SUPPLIED MATERIAL:
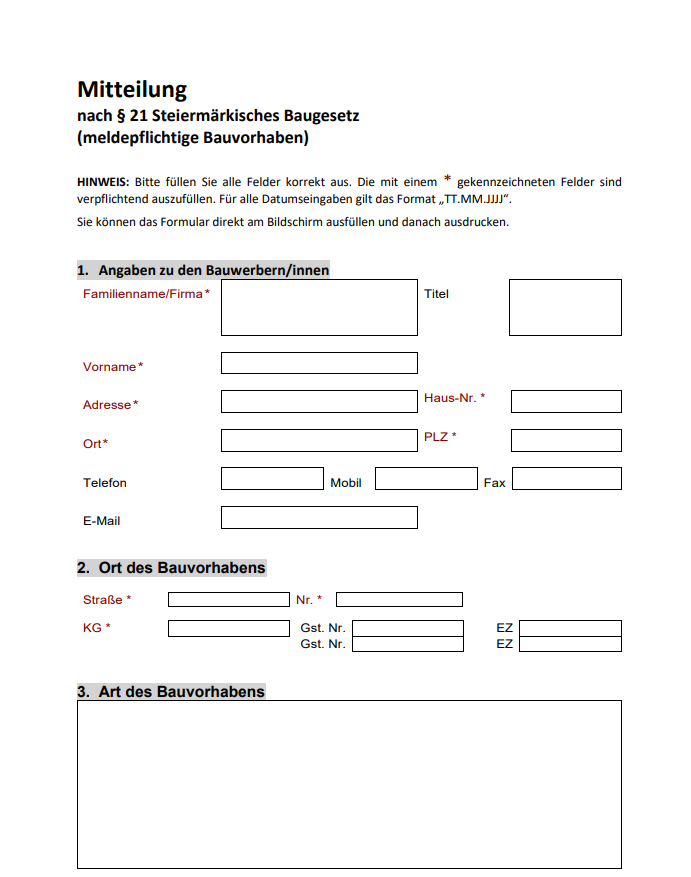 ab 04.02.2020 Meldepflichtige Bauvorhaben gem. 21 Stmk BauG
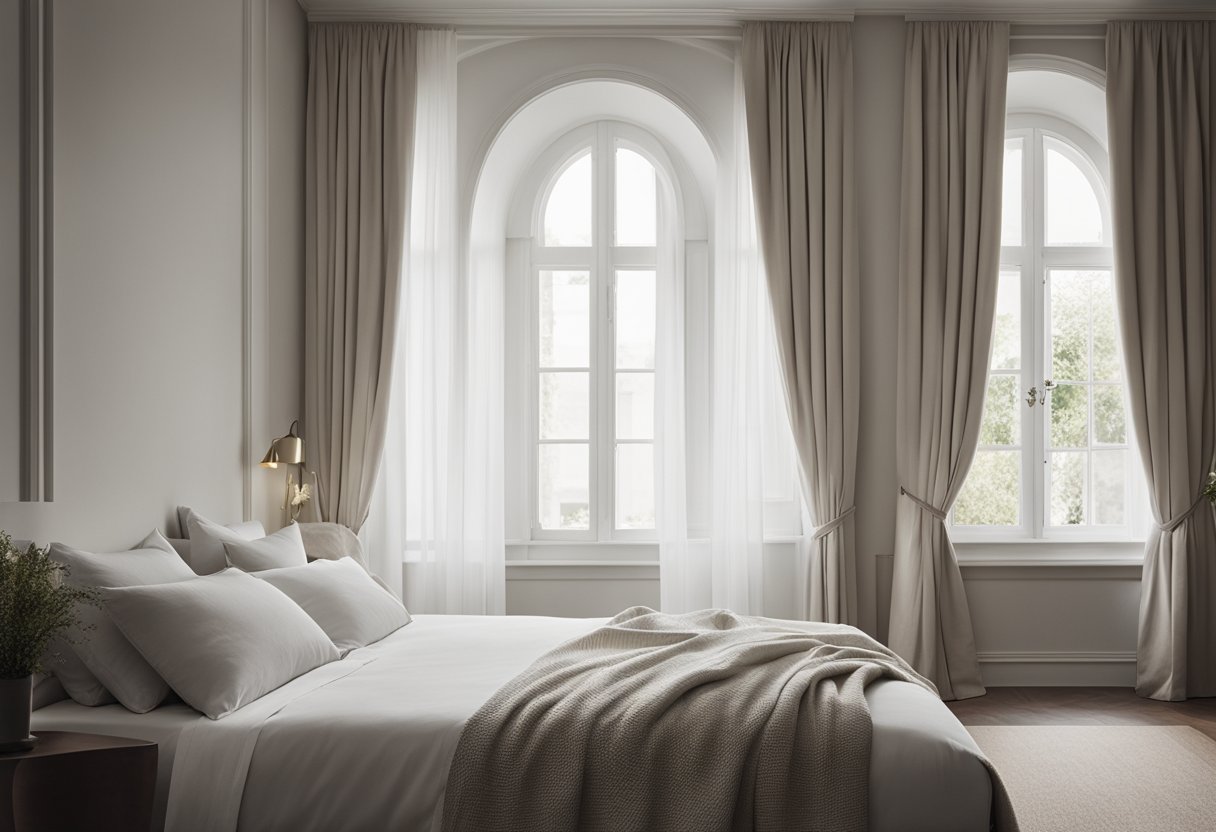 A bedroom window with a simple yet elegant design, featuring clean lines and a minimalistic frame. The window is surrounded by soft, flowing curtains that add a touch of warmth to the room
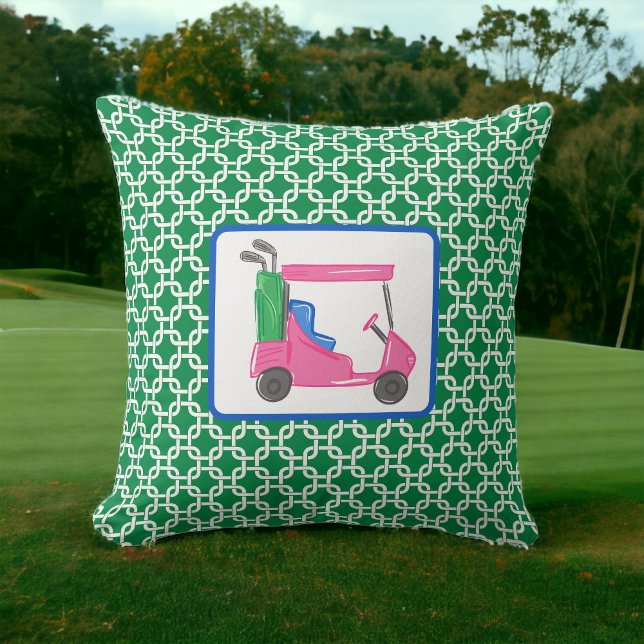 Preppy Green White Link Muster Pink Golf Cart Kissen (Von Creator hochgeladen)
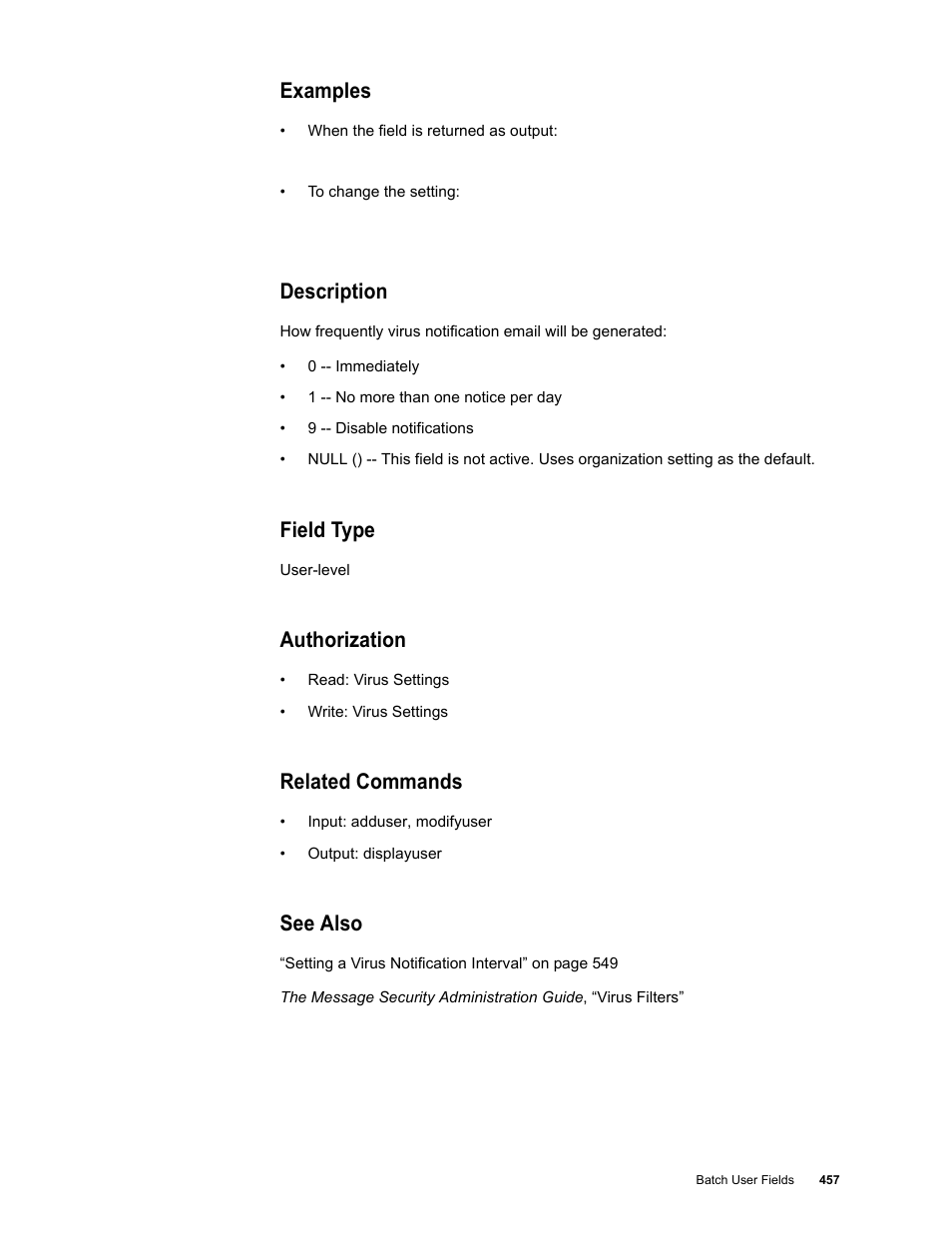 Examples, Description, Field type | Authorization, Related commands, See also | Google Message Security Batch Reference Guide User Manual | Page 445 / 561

WORK TASK: Once the line with "A bedroom window" is found, write out that line and every later line of the listing above exactly, through the last one, and skip any pictures.

ANSWER TO THE PROBLEM:
 A bedroom window with a simple yet elegant design, featuring clean lines and a minimalistic frame. The window is surrounded by soft, flowing curtains that add a touch of warmth to the room
 Preppy Green White Link Muster Pink Golf Cart Kissen (Von Creator hochgeladen)
 Examples, Description, Field type | Authorization, Related commands, See also | Google Message Security Batch Reference Guide User Manual | Page 445 / 561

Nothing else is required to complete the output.